Following three UK top ten hits (all covers of old songs) beginning in the summer of 1964, he looked set for a long run of success when he did a live show in which his trousers split. In view of this episode, it is slightly amusing to read the titles of his first five UK hits in sequence. The first three (Hold me, Together, Somewhere) were followed by another cover (I apologise), which just missed the UK top ten. Next came another top twenty hit (Let the water run down) followed by a top thirty hit (That means a lot). Of these singles, Hold me was his biggest hit but Somewhere (a cover of the West side story classic) is the song the P J is best remembered for.

Following those singles, P J covered another West side story song (Maria), which became his fourth and last UK top ten hit. His UK chart history is completed by four lesser hits (You've come back, To make a big man cry, I can't make it alone, It's your day today), the last of these being in early 1968.

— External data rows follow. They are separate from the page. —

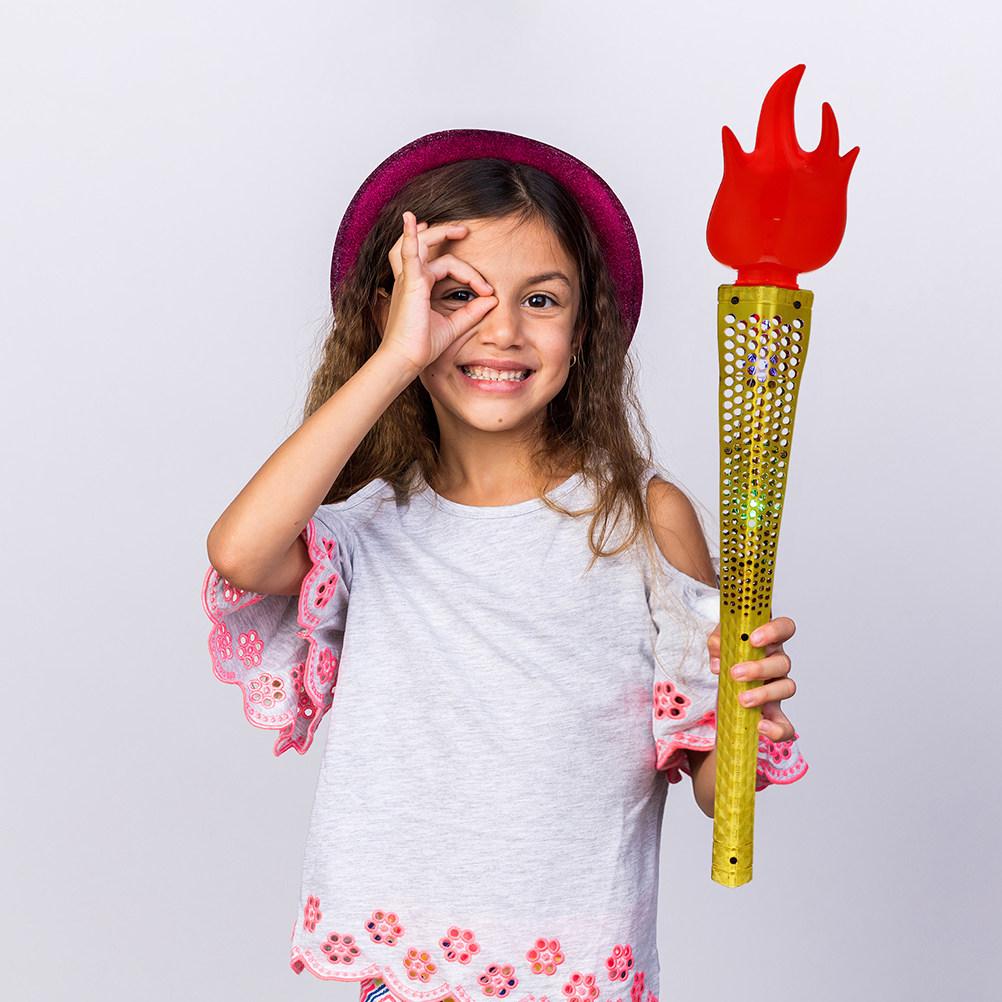4Pcs Artificial Torch Props Handheld Portable Lightweight Fun Cheering Cosplay Photo Props Stage Performance Party Supplies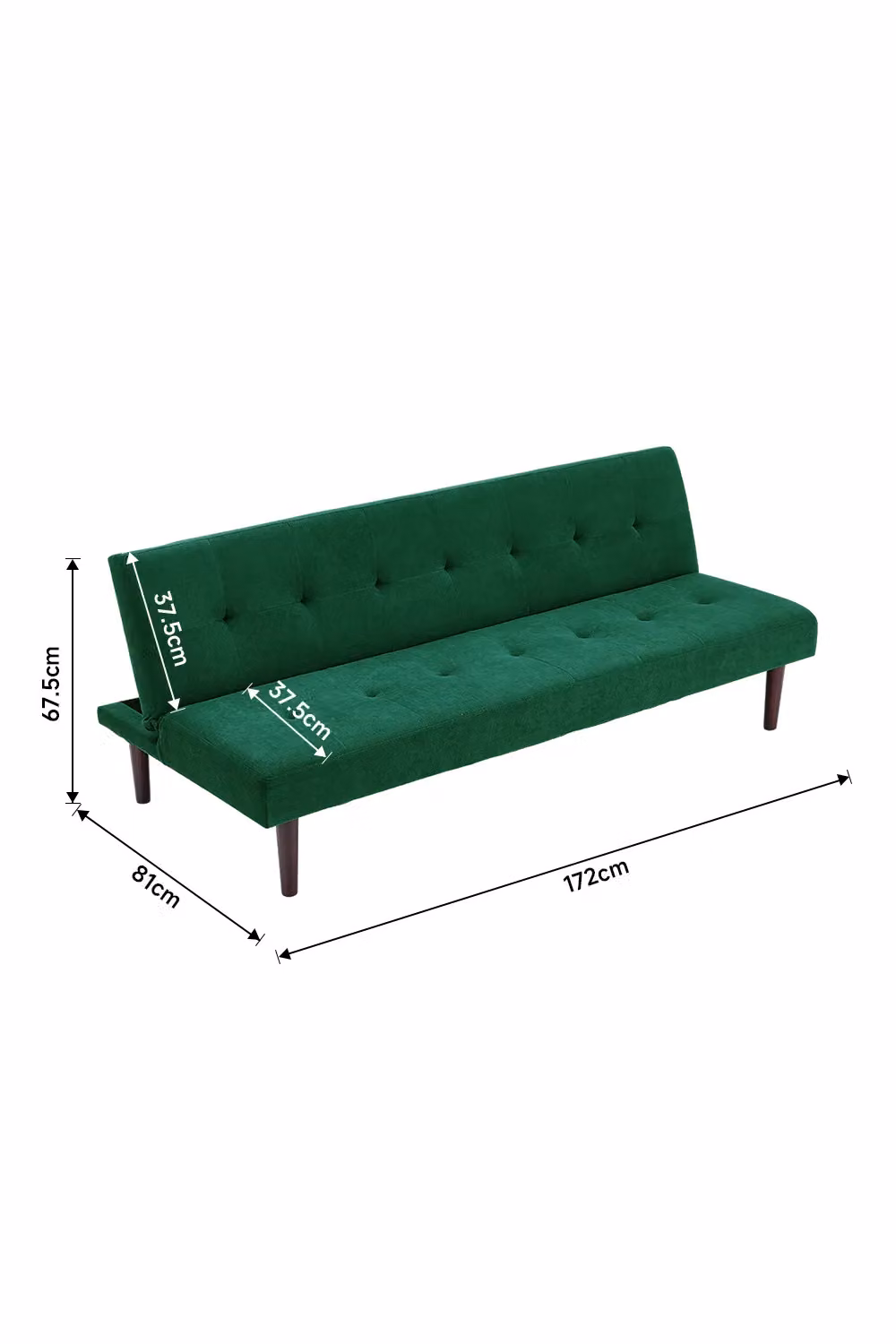 H&O Direct Mid-Century Modern Convertible Velvet Click-Clack Sofa Bed in Emerald Green with Walnut Wood Frame, W/D/H: 172.0 x 67.5 x 1748.74 cm – 2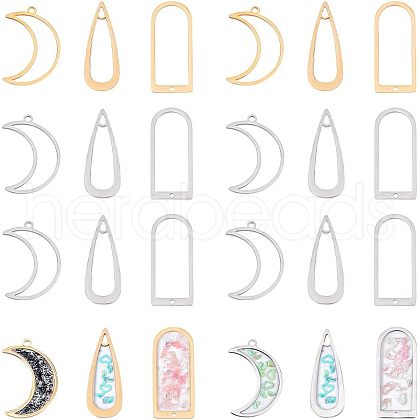 CHGCRAFT 18Pcs 6 Styles 201 Stainless Steel Pendants STAS-CA0001-61-1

All these hits are here together with several other songs that show just how talented P J was. I should just warn those unfamiliar with his music that his covers were sometimes a bit over the top - not everybody will appreciate his versions of Somewhere and Maria - but this was the sixties, remember. Think of Phil Spector's Christmas album, in which classic songs were given a sixties production. After a slow start, that collection is now regarded as a classic. P J's music has not achieved the same status, for whatever reason, but he should have done. If only he hadn't split those trousers - we can just wonder what might have been.

P J has continued to perform, sometimes in musicals, more recently touring with the Troggs and Herman's Hermits. He also continues to record albums but you must check his official website for those.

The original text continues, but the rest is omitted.